WORK INSTRUCTIONS
In the entries below, which lines run from the one with "Event Viewer" through the one with "Piston Ring Set"? Repeat exactly those, both included, and no pictures.

LISTED RECORDS
------

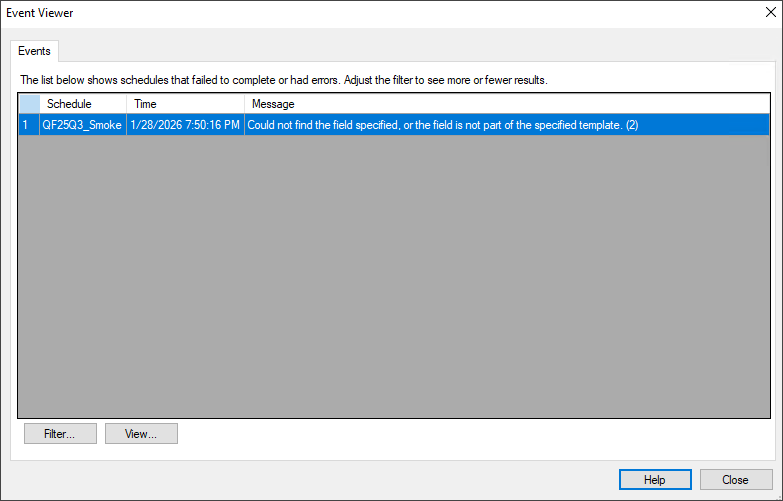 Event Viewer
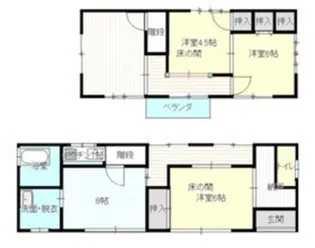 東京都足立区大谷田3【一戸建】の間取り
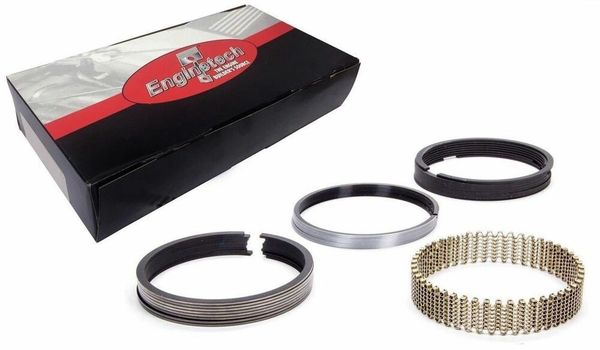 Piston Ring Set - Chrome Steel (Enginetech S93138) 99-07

------

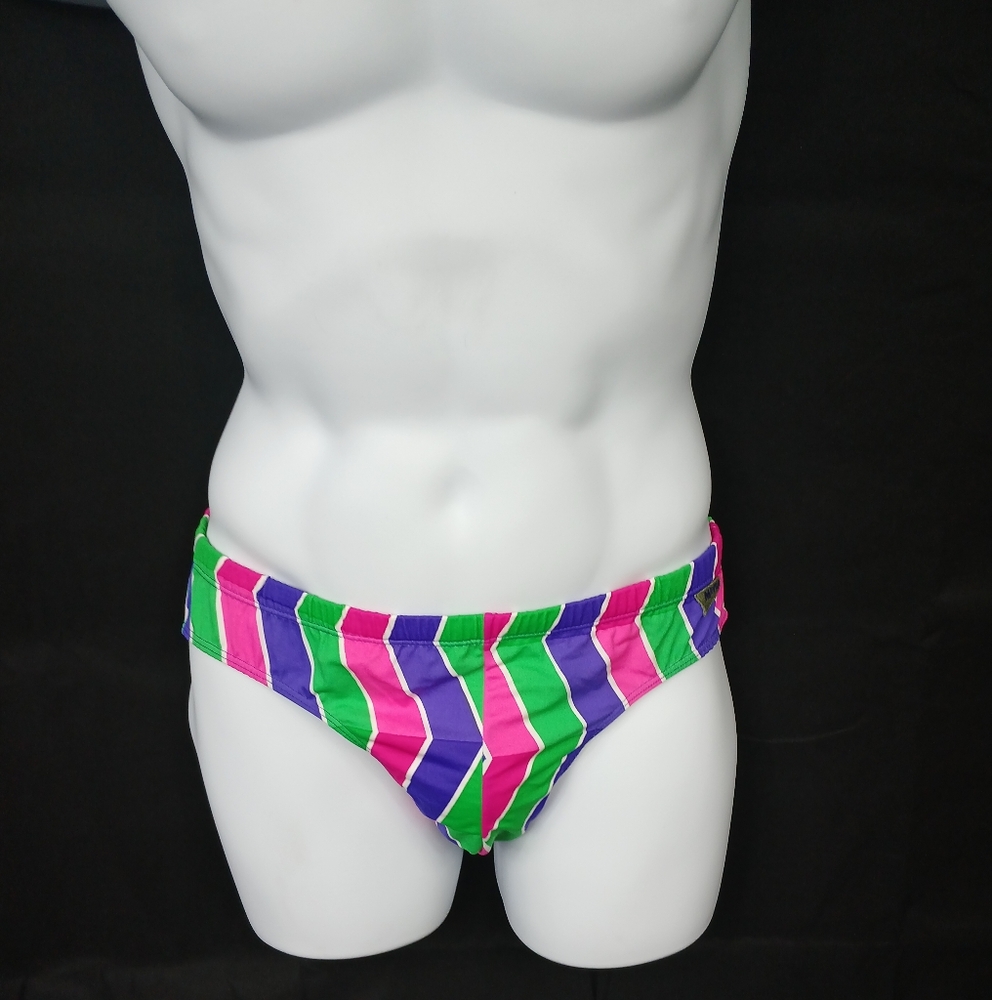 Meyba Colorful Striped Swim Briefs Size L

------

ANSWER TO THE EXERCISE
 Event Viewer
 東京都足立区大谷田3【一戸建】の間取り
 Piston Ring Set - Chrome Steel (Enginetech S93138) 99-07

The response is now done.